24時間目 クマと牛はどっちか強いのか?
孝史は徐々にFX取引に慣れてきました。慎司との勝負も熱を増してきましたが、孝史の投資はなかなかパッとしません。ある時、孝史の投資スタンスがブルだから慎司には勝てないと指摘されました。それは、慎司の投資スタンスがベアだからと。ブルだとかベアだとか動物の名前が出ていますが、これは一体どういうことなのでしょうか。
ブル=牛、ベア=熊
牛の角をイメージしてください。角は上に向いて伸びていますよね。つまり、このように相場が上昇していることをブル相場といいます。そこで、上昇することを期待して買う立場の人をブルといいます。また、相場の見通しが強気の時に“僕はブルだと思うよ”と言ったりもします。
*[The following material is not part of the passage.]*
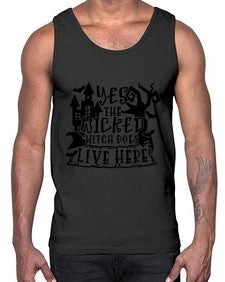 yes the wicked witch does live here 2#- witch- Cotton Tank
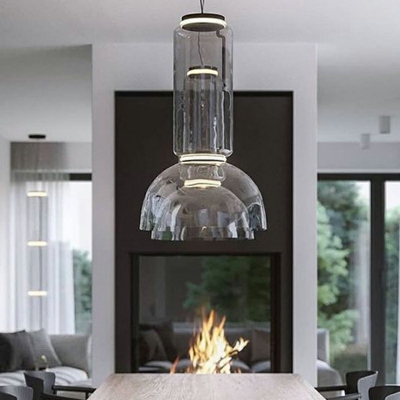 1 Light Geometric Shade Hanging Light Modern Style Glass Pendant Light for Living Room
次に、クマの手を想像してください。爪が下を向いていますね。また、クマが敵を襲うときは、手を高い位置から低い位置に振り下ろします。この仕草が、相場が下がる模様に似ていることからベア相場と言われるようになりました。
ご存知の方もいるかもしれませんが、NYのウォール街にはベアのオブジェが名物になっています。これは、ウォール街をはじめとした金融街ではブルは大歓迎、ベアは敬遠されているからです。
本当に強いのはどっち?そして本当の敗者は?
さて、孝史と慎司の勝負、つまりブルとベアではどちらが本当に強いのでしょうか。相場の格言を見ながら考えてみましょう。「買いは家まで、売りは命まで」という格言があります。これは、株式に限定してのことですが、買いの最大のリスクは「投資額まで」、売りの最大のリスクは「無限」であることから出来た格言です。以前にもお伝えしましたが、投資のリターンはリスクと比例する関係です。つまり、売りの最大リスクが「無限」であることから分かるように、利益が大きく出る時は、ブルよりベアの方が大きいと言えそうです。ただし、今回はFXの投資なので最大のリスクは「投資額まで」となりますので、どちらが強いとは断定できません。勝負は互いの腕次第といったところでしょうか。
ここで、ウォール街の面白い格言をご案内したいと思います。「ブルもベアもときどき儲けるが、ただしホッグだけは決して儲かることはない」。この格言には解釈の仕方が色々とあるようですが、私のいちばんしっくりくる解釈をご案内します。“ホッグ”とは豚の貯金箱のことです。この豚の貯金箱はアメリカでは欲張りの象徴と言われています。この欲張り豚は、お金が入ってくることを待つだけの日和見主義です。つまり、ブルやベアのように一生懸命、上がるか下がるかを考えもしない日和見主義(評論家)には、儲けるチャンスは一生転がり込んでこないということだと解釈しています。
ベア(売り)はブルよりリスクが大きく、リターンも大きいプロの投資家が好む投資スタンス。ブルでコツコツ勝ちを積み上げれば、ベアに圧勝することも。
投資で資産を築いた歴史的な人物の多くはベア派。コツコツと上昇と急落する相場で、共に対応できる知識と経験が必要です。